Теперь все эти три понятия могут быть иерархизированы. Если рассматривать постмодерн как явление синонимичное и "гомологичное" пост-истории (Бодрийяра или Фукуямы) и постиндустриальному обществу, то мы можем говорить о "пассивном постмодернизме", "фоновом постмодернизме", "пессимистическом постмодернизме". Такой "постмодернизм" строго совпал бы с культурой, полностью рекуперированной технократическим гиперкапиталистическим проектом постиндустриального общества (об этом выразительно писал Арнольд Гелен). Совершенно очевидно, что нечто подобное явно существует и, быть может, является наиболее выразительным и бросающимся в глаза элементом нашей эпохи.

С другой стороны, есть тенденция, напротив, разделять пост-историю и постиндустриальное общество, с одной стороны, и собственно, постмодернизм с другой, рассматривая их как антитезы, как полюса, как противоположности. В таком случае, пост-история и постиндустриальное общество будут синонимами негативных результатов именно "модерна", а постмодерн будет путем преодоления, новым проектом, нонконформистской стратегией, "заданием", "альтернативой". Такой "постмодернизм" можно определить как "активный", "оптимистический", "революционный", "субъектный". И именно на таком понимании сходятся между собой два наиболее радикальных — а это всегда интереснее — фланга современных интеллектуальных полей — "новые правые" и "новые левые". "Новые левые" видят в "активном постмодерне" пришествие освобождающего хаоса, "новые правые" — расчищение пространства для "строительства нового порядка" и "утверждения новой аксиологической структуры".

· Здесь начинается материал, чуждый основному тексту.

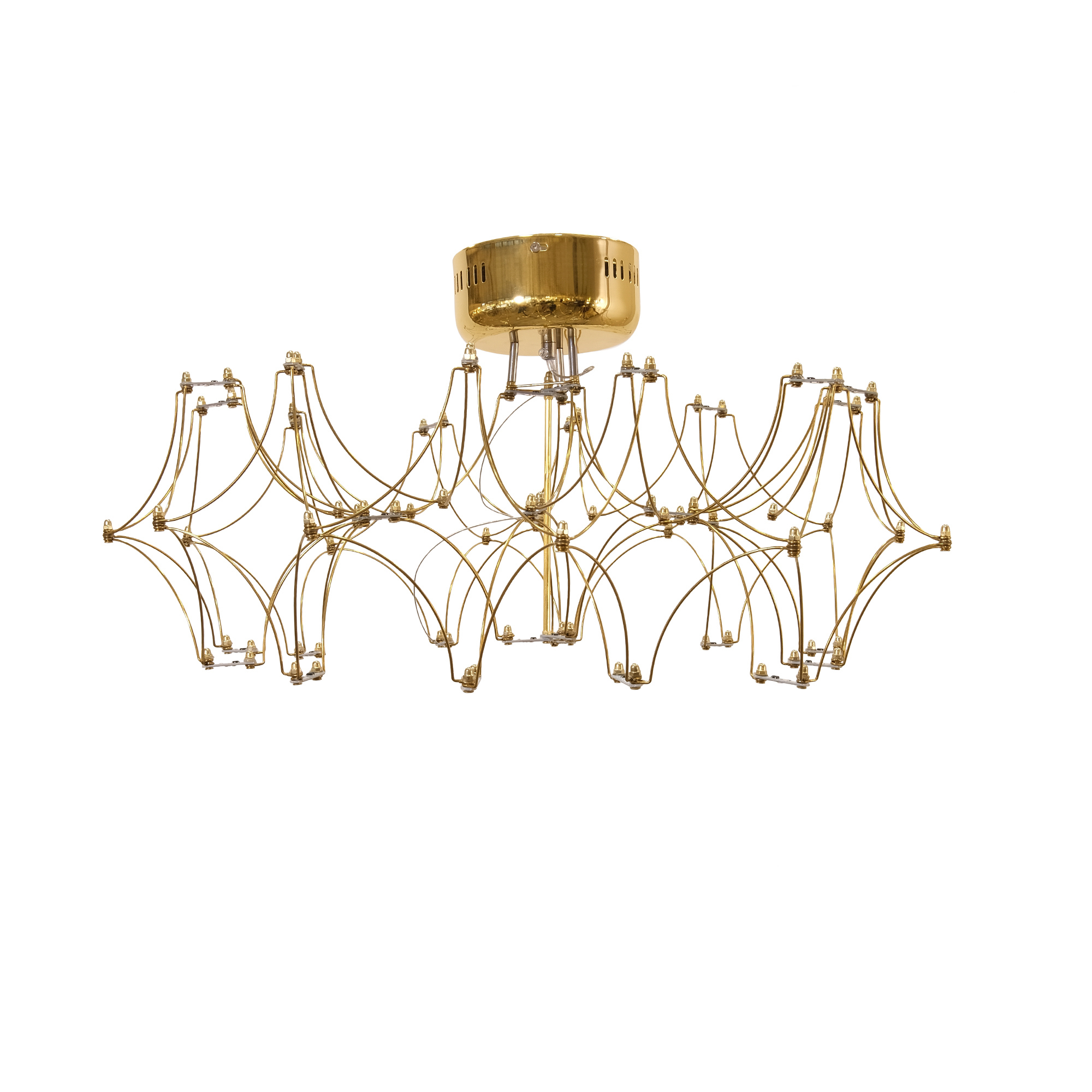 Изображение товара Люстра потолочная светодиодная Light dekor 24645-1с 14 м² теплый белый (желтый) свет цвет жёлтый/золотой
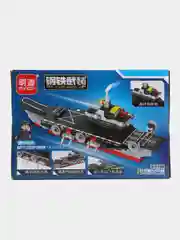 Хром конструктор машина Спорт кар, танк, корабль,вертолет с фигуркой 350-435 деталей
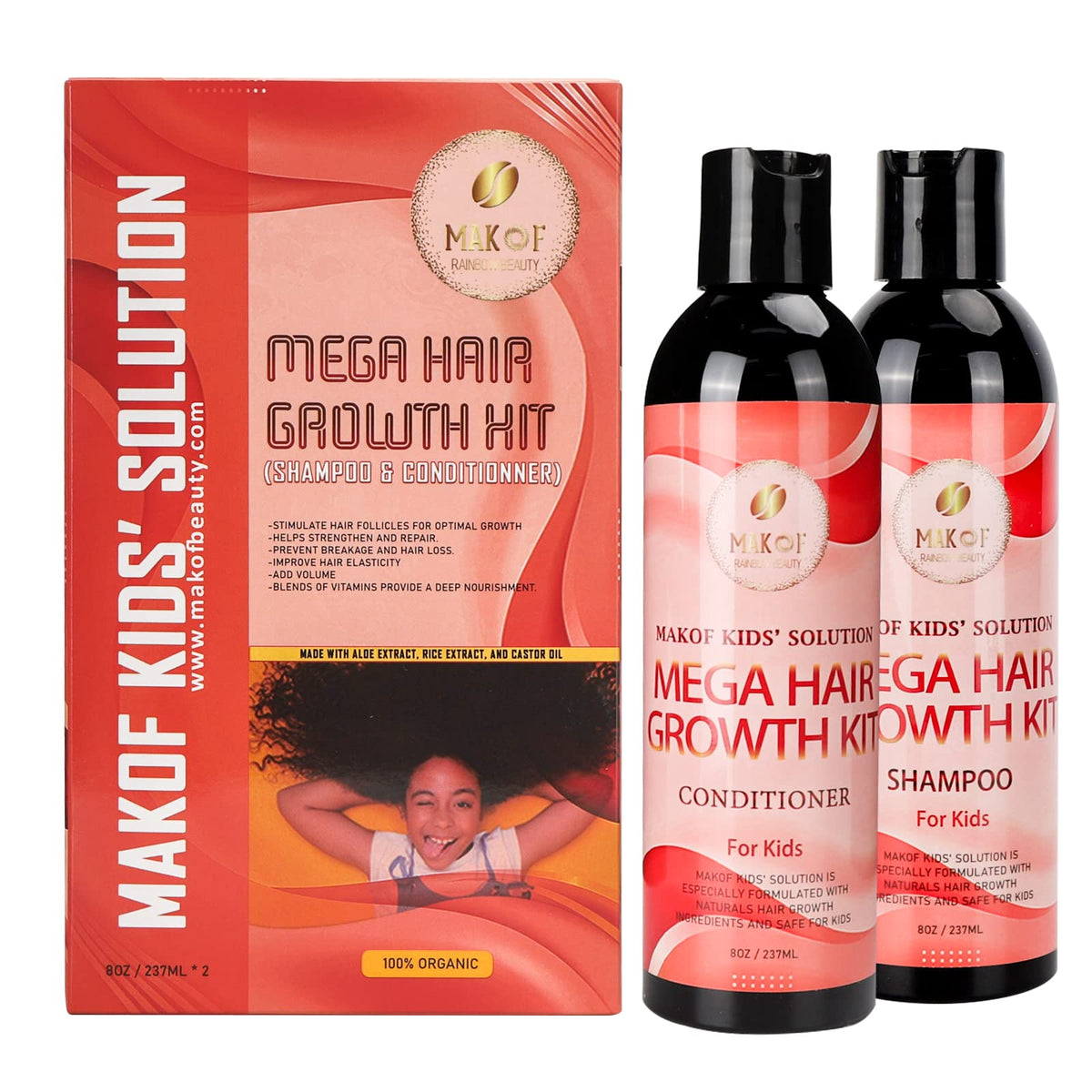 Kids Hair Growth Shampoo & Conditioner K8515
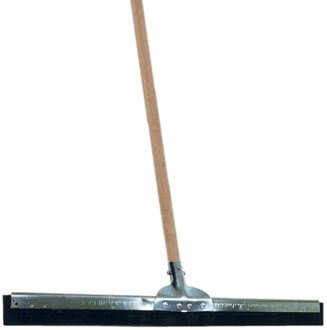 Betra Vloertrekker/douchetrekker voor water metaal/hard rubber 60 cm met houten steel 130 cm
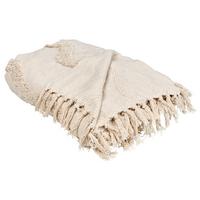 KUSCHELDECKE Baumwolle 200/200 cm Hellbeige Khari - Beige, Textil (200/200cm) - Beliani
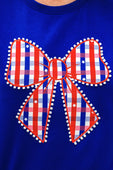 Gingham Glory Bow Luxe Tee - Jess Lea Boutique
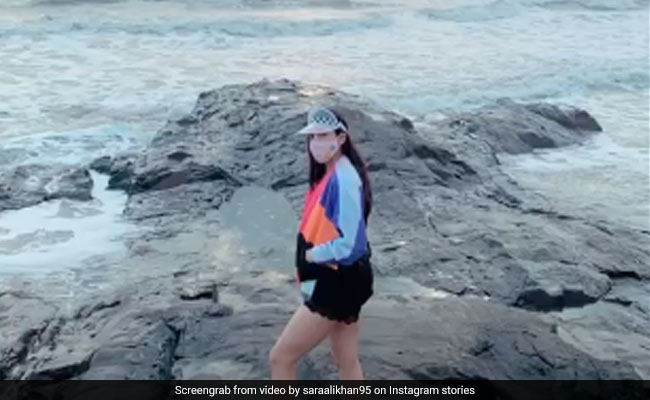 Nothing To See Here. Just Sara Ali Khan Enjoying A Gorgeous Sunset By The Sea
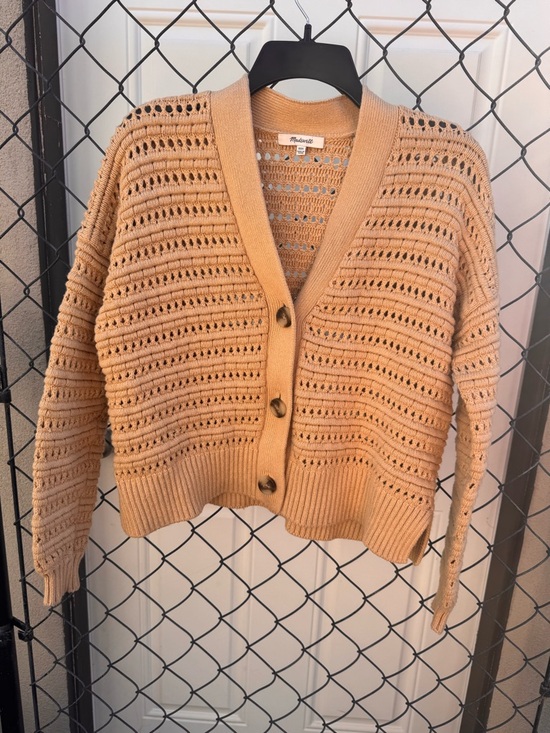Madewell Sweaters - Madewell Camel Button-Up Cardigan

5. Парентезис — сплавление крайностей

Отклонимся несколько от главной темы и рассмотрим подробнее это совпадение позиций "новых левых" и "новых правых" в вопросе постмодернизма. "Новые левые" и "новые правые" отличаются от "старых" по признаку, который сам по себе может служить наглядной иллюстрацией того, что является сущностью "модерна", Neuzeit. "Старые левые" стремятся расширить классическую рациональность до глобального телеологического проекта, основать максимально разумный и упорядоченный строй, доведя до последних границ основные тенденции Просвещения.

"Старые правые" отталкиваются от очень сходной рационалистической парадигмы, но при этом отрицают "проектный", глобалистский, универсалистский и "прогрессивный" ее аспект. "Старые правые" тяготеют к сохранению исторического статус кво, к укреплению и консолидации уже существующих — социальных, политических, государственных, национальных, экономических и т.д. — структур в той дискретной диспозиции, в которой они фактически пребывают. "Старые правые" могут быть названы "минимальными рационалистами", тогда как "старые левые" — максимальными.